Elasticsearch Relevance Scoring

When multiple documents match a search query, Elasticsearch ranks them by relevance score. The document with the highest score appears first. Understanding how scores work lets you tune search results to match your users' expectations.

The Relevance Score

Every document returned by a query has a _score field — a floating-point number. Higher means more relevant. The score is 0 for filter context and a positive decimal for query context.

Search: "organic coffee"

Results:
  Doc A _score: 3.42  "Premium Organic Coffee Beans"
  Doc B _score: 2.18  "Organic Green Coffee Extract"
  Doc C _score: 1.05  "Coffee Mug for Organic Lovers"
  Doc D _score: 0.91  "Organic Herbal Tea"

→ Sorted highest score first

BM25 — The Scoring Algorithm

Elasticsearch uses BM25 (Best Match 25) as its default relevance formula. It improves on the older TF-IDF algorithm. BM25 considers two main factors:

Factor 1: Term Frequency (TF)
  How many times does the search word appear in the document?
  More occurrences = higher score
  BUT: BM25 applies diminishing returns — the 10th occurrence
       adds less score than the 1st

Factor 2: Inverse Document Frequency (IDF)
  How rare is the search word across all documents?
  Rare words score higher than common words

  "organic" appears in 5,000 of 10,000 products → low IDF (common)
  "arabica" appears in 50 of 10,000 products → high IDF (rare, specific)

  A match on "arabica" is more meaningful than a match on "organic"

BM25 Field Length Normalization

Doc A: "Coffee" (1 word, your search word = 100% of content)
Doc B: "Coffee beans sourced from Ethiopia by hand-picking ..." (50 words)

Both contain "coffee" once.
BM25: Doc A scores higher because the match is more significant
      in a short field than in a long one.

Viewing the Explain Output

Ask Elasticsearch to explain exactly how a document's score was calculated:

GET /products/_explain/101
{
  "query": {
    "match": { "name": "organic coffee" }
  }
}

The response breaks down the score into sub-scores for each search term and shows TF, IDF, and field length values used in the calculation.

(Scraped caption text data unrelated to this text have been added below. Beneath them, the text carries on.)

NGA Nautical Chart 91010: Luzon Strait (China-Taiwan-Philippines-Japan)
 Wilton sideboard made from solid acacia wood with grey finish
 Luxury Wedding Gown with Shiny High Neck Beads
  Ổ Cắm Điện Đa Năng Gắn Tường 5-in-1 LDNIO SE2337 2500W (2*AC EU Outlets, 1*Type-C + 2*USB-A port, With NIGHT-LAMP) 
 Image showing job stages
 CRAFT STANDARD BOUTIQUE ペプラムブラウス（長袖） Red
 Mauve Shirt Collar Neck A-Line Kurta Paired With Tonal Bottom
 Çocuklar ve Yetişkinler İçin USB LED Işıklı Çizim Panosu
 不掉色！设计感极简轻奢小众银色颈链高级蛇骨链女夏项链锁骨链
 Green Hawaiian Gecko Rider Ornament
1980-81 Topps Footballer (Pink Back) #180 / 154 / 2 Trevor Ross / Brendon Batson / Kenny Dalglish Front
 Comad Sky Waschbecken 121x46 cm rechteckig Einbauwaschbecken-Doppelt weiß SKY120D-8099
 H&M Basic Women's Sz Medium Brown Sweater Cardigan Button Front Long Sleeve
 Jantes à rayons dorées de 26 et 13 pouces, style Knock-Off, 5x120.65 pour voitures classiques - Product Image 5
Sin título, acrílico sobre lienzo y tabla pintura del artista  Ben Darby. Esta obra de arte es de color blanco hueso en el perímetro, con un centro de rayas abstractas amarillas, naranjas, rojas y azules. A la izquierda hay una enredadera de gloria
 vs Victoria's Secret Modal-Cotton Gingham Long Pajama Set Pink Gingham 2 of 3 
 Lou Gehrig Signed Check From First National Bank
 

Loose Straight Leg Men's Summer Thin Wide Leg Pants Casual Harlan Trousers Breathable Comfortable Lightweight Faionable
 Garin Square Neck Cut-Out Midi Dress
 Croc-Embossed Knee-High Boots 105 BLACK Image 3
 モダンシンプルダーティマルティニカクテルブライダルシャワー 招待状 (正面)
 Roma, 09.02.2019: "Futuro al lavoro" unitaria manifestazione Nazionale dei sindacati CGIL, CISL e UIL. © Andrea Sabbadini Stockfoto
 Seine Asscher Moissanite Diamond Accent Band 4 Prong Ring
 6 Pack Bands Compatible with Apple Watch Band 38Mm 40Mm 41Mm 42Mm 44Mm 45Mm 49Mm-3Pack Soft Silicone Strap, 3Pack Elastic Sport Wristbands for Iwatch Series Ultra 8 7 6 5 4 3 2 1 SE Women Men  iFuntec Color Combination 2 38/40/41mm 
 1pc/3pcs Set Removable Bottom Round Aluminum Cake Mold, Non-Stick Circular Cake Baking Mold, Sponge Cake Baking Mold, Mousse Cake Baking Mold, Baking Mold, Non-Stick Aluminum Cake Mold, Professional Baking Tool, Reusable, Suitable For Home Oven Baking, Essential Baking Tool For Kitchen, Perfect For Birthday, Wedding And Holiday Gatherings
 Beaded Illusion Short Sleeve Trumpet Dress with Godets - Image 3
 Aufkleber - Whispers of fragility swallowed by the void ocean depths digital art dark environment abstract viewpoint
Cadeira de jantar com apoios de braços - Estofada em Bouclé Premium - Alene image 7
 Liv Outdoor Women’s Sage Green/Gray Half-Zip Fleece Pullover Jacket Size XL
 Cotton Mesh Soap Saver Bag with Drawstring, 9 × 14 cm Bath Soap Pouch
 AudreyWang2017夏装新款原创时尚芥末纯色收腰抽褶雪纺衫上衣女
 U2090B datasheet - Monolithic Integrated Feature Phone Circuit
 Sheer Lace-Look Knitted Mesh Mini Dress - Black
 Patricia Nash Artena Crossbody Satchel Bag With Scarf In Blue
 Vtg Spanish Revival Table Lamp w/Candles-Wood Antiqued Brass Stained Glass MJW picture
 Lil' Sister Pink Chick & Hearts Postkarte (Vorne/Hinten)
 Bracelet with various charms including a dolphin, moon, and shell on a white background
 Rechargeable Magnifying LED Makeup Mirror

Boosting to Control Relevance

Boost specific fields or specific documents to push them higher in results.

Field Boost in multi_match

"fields": ["title^5", "description^2", "tags^1"]

Title matches are worth 5×
Description matches are worth 2×
Tag matches are worth 1×

→ A title match dominates the ranking

Boost inside a Query

GET /products/_search
{
  "query": {
    "bool": {
      "should": [
        { "match": { "name": { "query": "coffee", "boost": 3 } } },
        { "match": { "tags": { "query": "coffee", "boost": 1 } } }
      ]
    }
  }
}

function_score — Custom Scoring Logic

function_score lets you inject custom signals into the relevance calculation — for example, ranking newer products higher or boosting popular items:

GET /products/_search
{
  "query": {
    "function_score": {
      "query": { "match": { "name": "coffee" } },
      "functions": [
        {
          "field_value_factor": {
            "field":    "popularity_score",
            "modifier": "log1p",
            "factor":   1.5
          }
        }
      ],
      "boost_mode": "sum"
    }
  }
}
Base score from text match:       2.10
Popularity boost (log of score):  0.87
Final combined score:             2.97

Decay Functions — Distance-Based Scoring

Decay functions reduce a document's score as a numeric or date value moves away from a target. A job listing posted 3 days ago should score higher than one posted 90 days ago:

"functions": [
  {
    "gauss": {
      "posted_date": {
        "origin": "now",
        "scale":  "7d",
        "decay":  0.5
      }
    }
  }
]
Decay diagram:

Score multiplier
1.0 |*
    | *
0.5 |   *
    |      *
0.0 |         *  *  *
    |---7d---14d---21d--- (days old)

Jobs posted 7 days ago get 0.5× the score boost
Jobs posted 14 days ago get ~0.25× the score boost

rescore — Two-Stage Ranking

For expensive scoring models, run a cheap first pass to get the top 100 candidates, then apply a more precise scoring model on only those 100:

GET /products/_search
{
  "query": { "match": { "name": "coffee" } },
  "rescore": {
    "window_size": 100,
    "query": {
      "rescore_query": {
        "function_score": { ... }
      }
    }
  }
}

The full index only runs the simple match. The expensive function runs on just the top 100 results — far faster than applying it to millions of documents.